SampleCount statistic tied to the rolling sum
Bug #1069840 reported by
Eoghan Glynn
This bug affects 1 person
Affects | Status | Importance | Assigned to | Milestone | |
---|---|---|---|---|---|
Synaps |
New
|
Undecided
|
Eoghan Glynn |
Bug Description
The SampleCount statistic is tied to the rolling sum maintained by pandas, as opposed to a rolling count of the observations received within the window. e.g.:
https:/
https:/
As a result it would appear that this statistic value would generally be incorrect, except in the special case where the average of the datapoint stream is constantly one.
Changed in synaps: | |
assignee: | nobody → Eoghan Glynn (eglynn) |
To post a comment you must log in.
Let's assume that we put metric data like below.
Timestamp / Metric Value
2012-10-23 00:00:02 / 30.0
2012-10-23 00:00:59 / 10.0
2012-10-23 00:02:01 / 11.5
2012-10-23 00:03:03 / 14.2
Currently, Synaps aggregates those raw metric data into the dataframe which has 1 minute resolution.

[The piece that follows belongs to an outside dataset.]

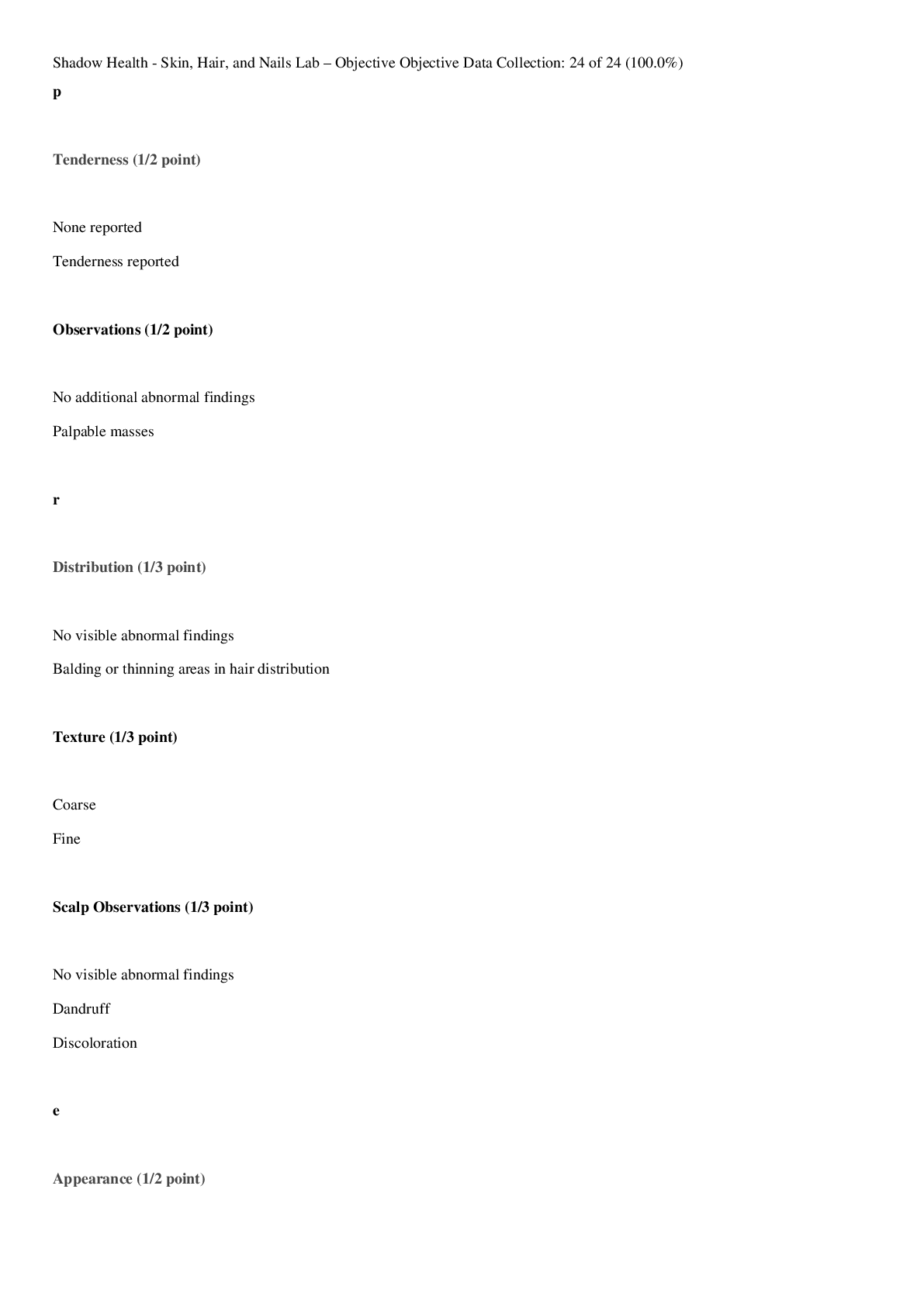 Preview image for Shadow_Health___Skin__Hair__and_Nails_Lab___Objective_Complete.docx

Timestamp / SampleCount / Average / Min / Max / Sum
2012-10-23 00:00:00 / 2 / 20.0 / 10.0 / 30.0 / 40.0
2012-10-23 00:01:00 / NaN / NaN / NaN / NaN / NaN
2012-10-23 00:02:00 / 1 / 11.5 / 11.5 / 11.5 / 11.5
2012-10-23 00:03:00 / 1 / 14.2 / 14.2 / 14.2 / 14.2
Synaps will evaluate alarms based on the dataframe above, appling rolling functions that is provided by pandas.

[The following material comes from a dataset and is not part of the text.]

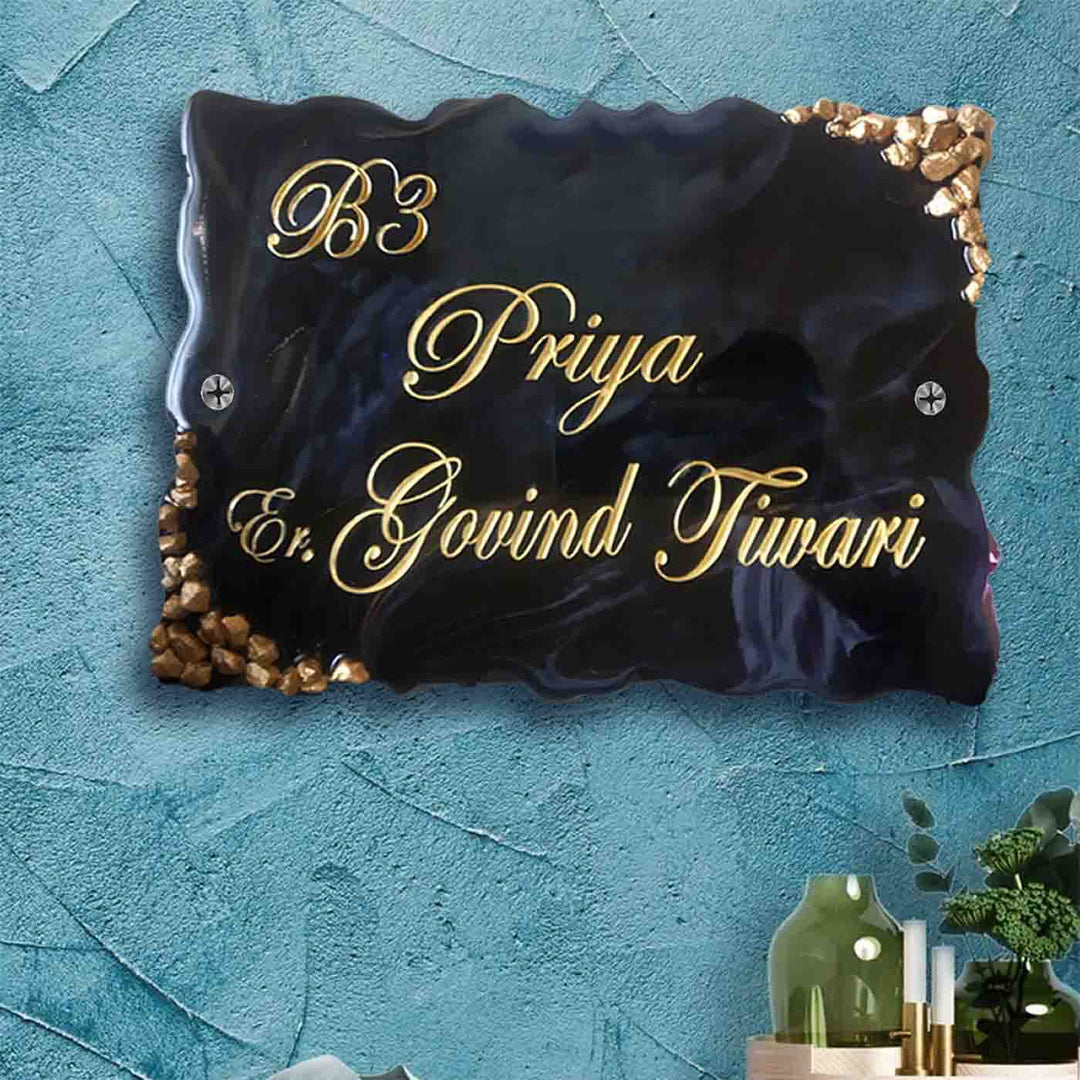 Personalized Shiva Art Resin Name Plate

When it rolls up the SampleCount data using 'rolling_count' with 2 minutes of window, the result will be like below.
I call it 'Rolling Sample Count'.
result of rolling count (window: 2min)
2012-10-23 00:00:00 / 1
2012-10-23 00:01:00 / 1
2012-10-23 00:02:00 / 1
2012-10-23 00:03:00 / 2
And if it rolls them up using 'rolling_sum' with 2 minutes of window, the result will be like below.
Before rolling, I filled NaN as 0.
I call it 'Total Sample Count'
result of rolling sum (window: 2min)
2012-10-23 00:00:00 / 2
2012-10-23 00:01:00 / 2
2012-10-23 00:02:00 / 1
2012-10-23 00:03:00 / 2
I think both kinds of sample count are valuable.
'Total Sample Count' tells total sample counts of raw metric data.
'Rolling Sample Count' tells total sample counts of aggregated data.
Currently, Synaps provides 'Total Sample Count' for SampleCount.
That's why it uses rolling sum function for Sample Count.